# Work task
Line by line, restate the material word for word, omitting any image.

# Material provided
%%
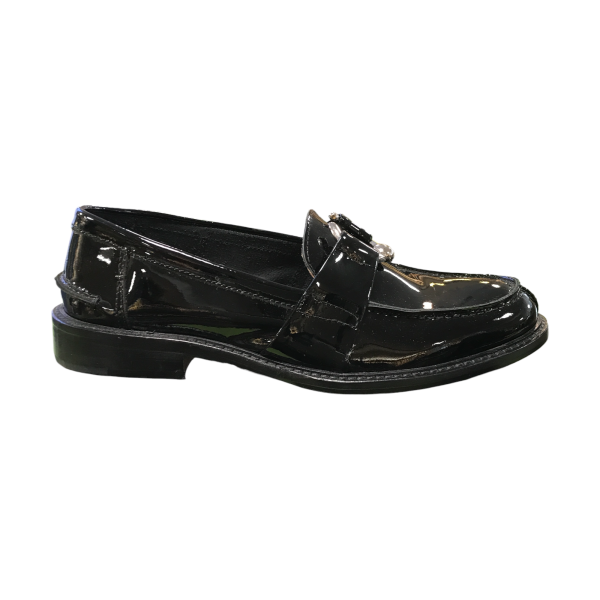 Veni soulier loafer en cuir et semelle de cuir fait en Italie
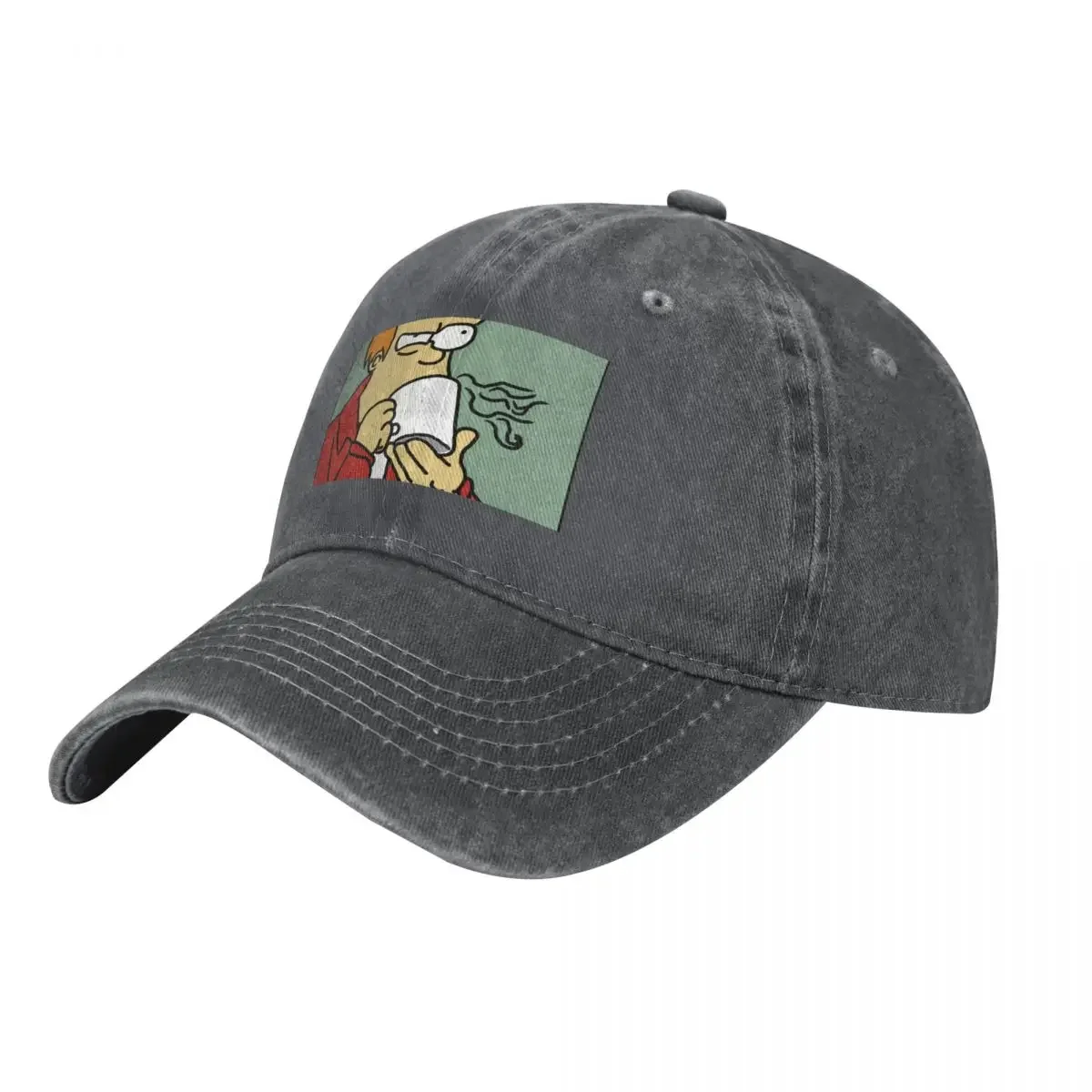 Fry Coffee Freehand DigitalCap Baseball Cap dad hat Mountaineering For Man Women's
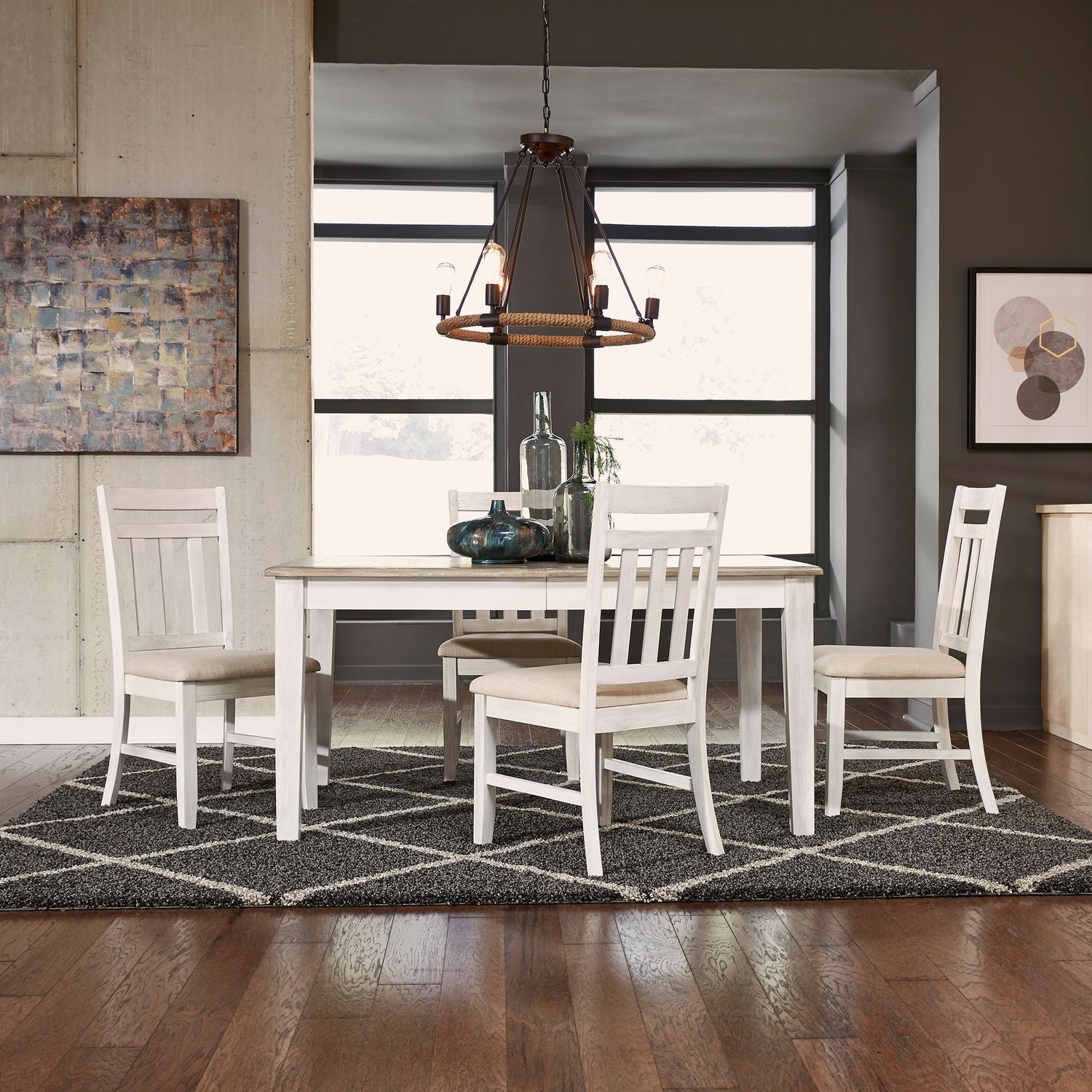 Summerville 5 Piece Rectangular Table Set image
%%
# Answer section
 Veni soulier loafer en cuir et semelle de cuir fait en Italie
 Fry Coffee Freehand DigitalCap Baseball Cap dad hat Mountaineering For Man Women's
 Summerville 5 Piece Rectangular Table Set image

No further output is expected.